There are plenty of reasons to shop for a new carpet.

Perhaps you need to replace an older carpet, are redecorating, or simply wish to add some area rugs to a cold floor.

No matter the reason, it can be difficult to sift through the many options available. Gaining a basic understanding of the different materials and cuts will help you find the best carpet for your project.

Carpet Materials

No matter what type of carpet you choose, the material is going to determine how resistant your new carpet will be to damage, its softness, and the final cost. Most carpet materials are synthetic, and all have their individual perks. The comparison table at the end will help illustrate some of the differences.

If you are looking for a cheap alternative to wool, acrylic is the answer. This synthetic material is resistant to infestation, fire, stains, fading, static electricity, and mildew. The primary disadvantage is a lower durability, making it unsuitable for high-traffic areas.

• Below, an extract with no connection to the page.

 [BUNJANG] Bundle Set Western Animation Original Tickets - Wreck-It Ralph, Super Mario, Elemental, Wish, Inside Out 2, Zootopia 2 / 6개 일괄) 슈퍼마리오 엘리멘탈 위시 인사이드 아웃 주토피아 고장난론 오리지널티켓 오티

A mix of nylon and olefin, this hybrid carpet material shares many features of both. This also means it shares the disadvantages. The biggest drawback of blended carpets is the uneven resistance to staining, which may leave some fibers more stained than others.

The most popular carpeting material, nylon is also the most durable. It hides dirt, resists bug infestations, comes in vibrant color options, and higher-end brands will last up to 15 years. Unfortunately, you will need to invest in a stain blocker or pre-treated carpet to avoid easy staining, as it can fade or discolor when exposed to urine or other bleaching agents. And the material can melt if exposed to fire.

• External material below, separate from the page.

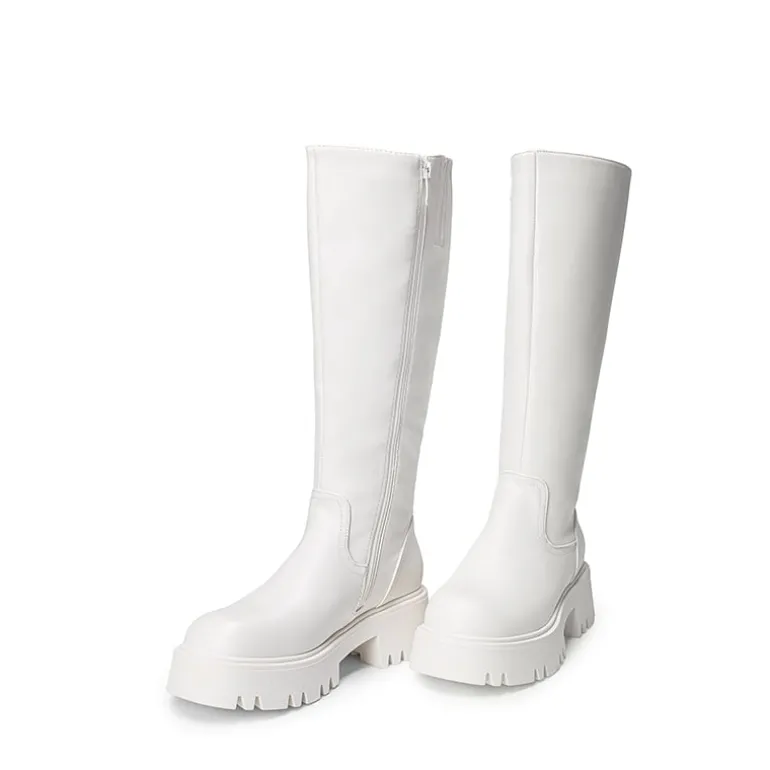 Platform Lug Sole Knee High Boots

Olefin is the second most popular type of carpeting. Also known as polypropylene, this plastic carpet material works best in loop carpets and is used primarily in outdoor and commercial settings. It is highly stain resistant and doesn’t fade. Olefin is also easy to clean, durable enough for high-traffic areas, and cheap. Depending on the cut, however olefin may be prone to crushing. Color choice is limited, and the material melts when exposed to fire.

When comparing polyester carpet material to nylon and wool, it is definitely the cheaper alternative, and it has several perks. The material is resistant to many stains, luxurious, resistant to abrasion, and easy to clean. However, it does fade with prolonged exposure to sunlight and doesn’t hold up well to heavy foot traffic and furniture.

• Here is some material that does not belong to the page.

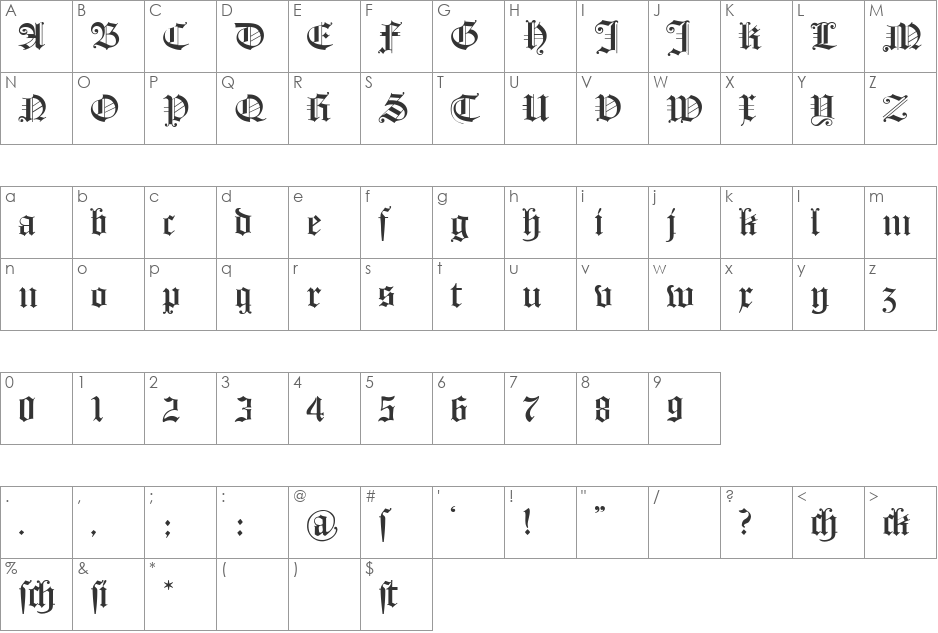 HollandGotisch font character map preview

Brightly colored and available in numerous textures, PET is an environmentally friendly alternative to nylon. This material is usually made from recycled bottle caps (50 caps per square yard). It boasts a resistance to water, static, mildew, and stains. PET is also allergen friendly and lends to better indoor air quality. However, it attracts dirt, sheds/frays, and can melt. The material is also known to squeak or gleam. While not the softest material choice, it is quite inexpensive.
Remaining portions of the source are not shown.